(Short descriptive text snippets)
══════════
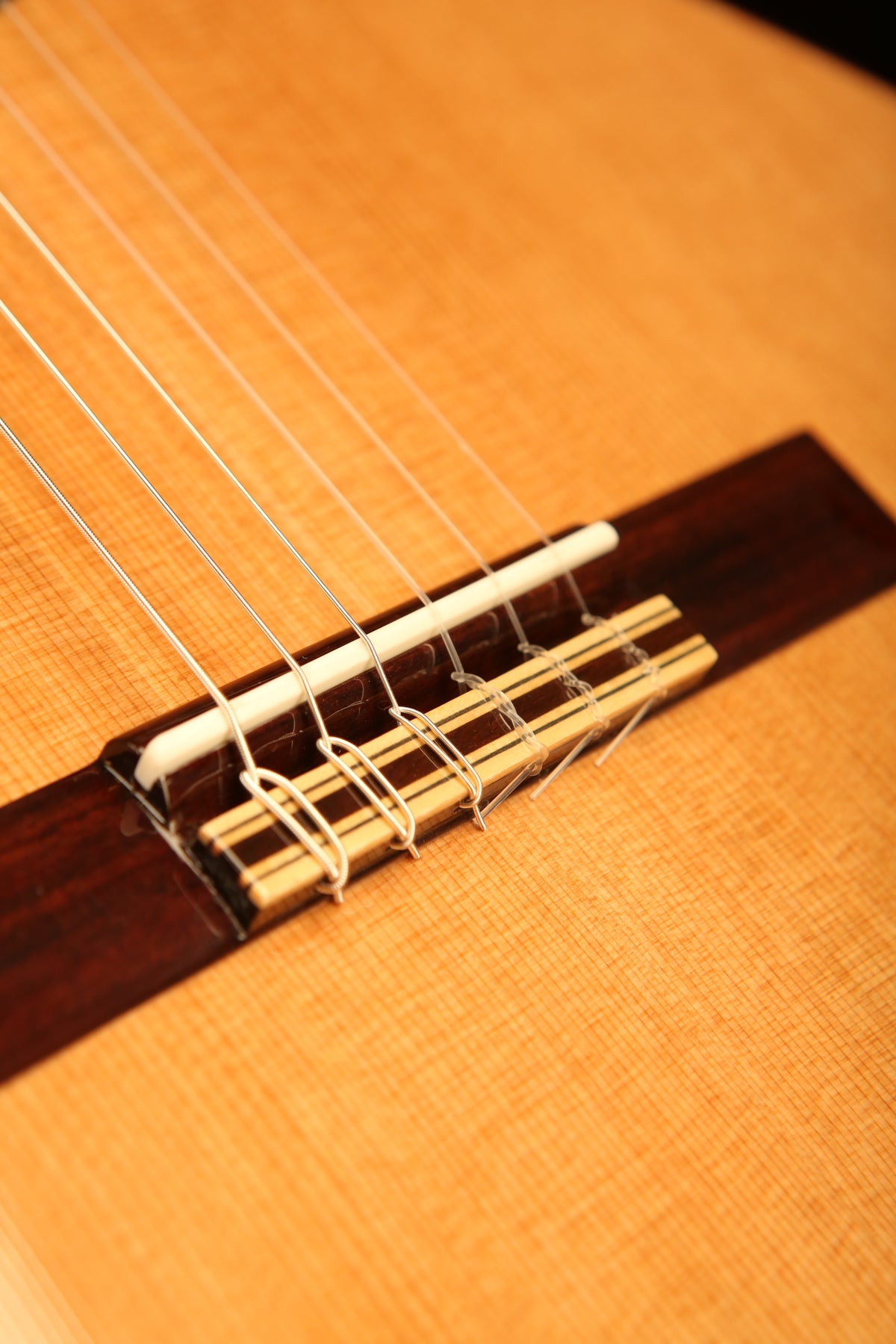 Altamira N300CT Thinline Classical Electric Guitar - Acoustic Centre Music Store, Melbourne Australia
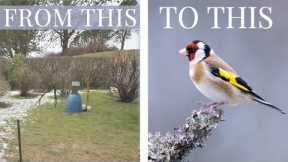 BIGINNER TIPS to BIRD PHOTOGRAPHY // Garden birds from start to finish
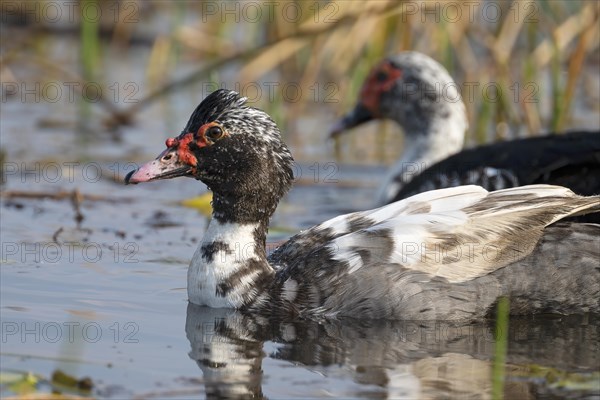 Warty Duck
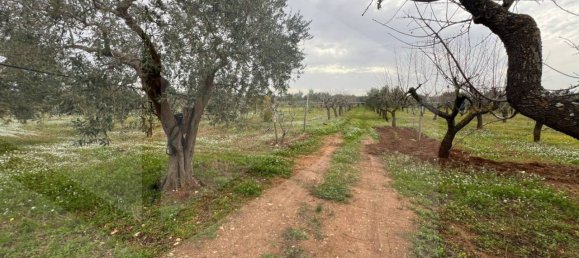 8000m² Land in Conversano, Italy No. 23386 2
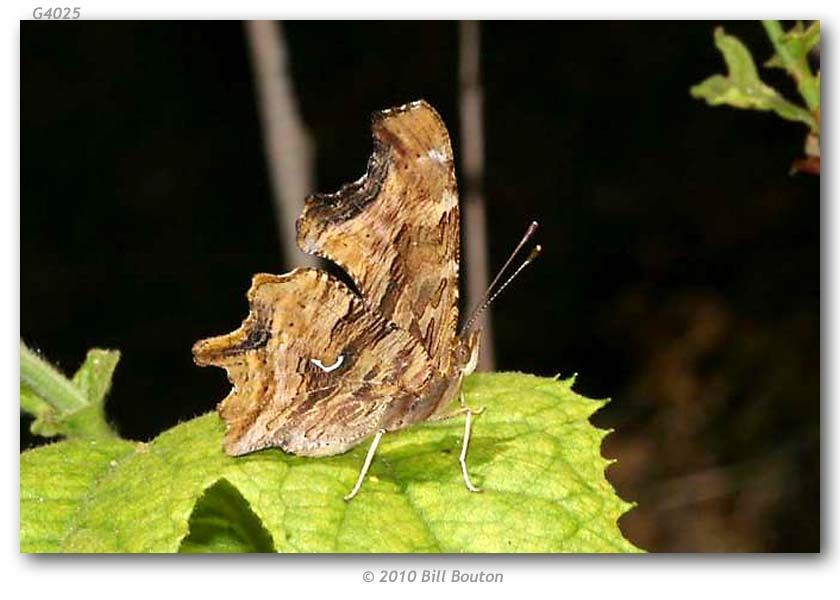 Слика од Polygonia satyrus Edwards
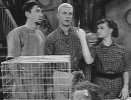 bob denver image1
══════════
> Task goal: The answer is the entries above, given again exactly, with no pictures among them.

> Final answer:
 Altamira N300CT Thinline Classical Electric Guitar - Acoustic Centre Music Store, Melbourne Australia
 BIGINNER TIPS to BIRD PHOTOGRAPHY // Garden birds from start to finish
 Warty Duck
 8000m² Land in Conversano, Italy No. 23386 2
 Слика од Polygonia satyrus Edwards
 bob denver image1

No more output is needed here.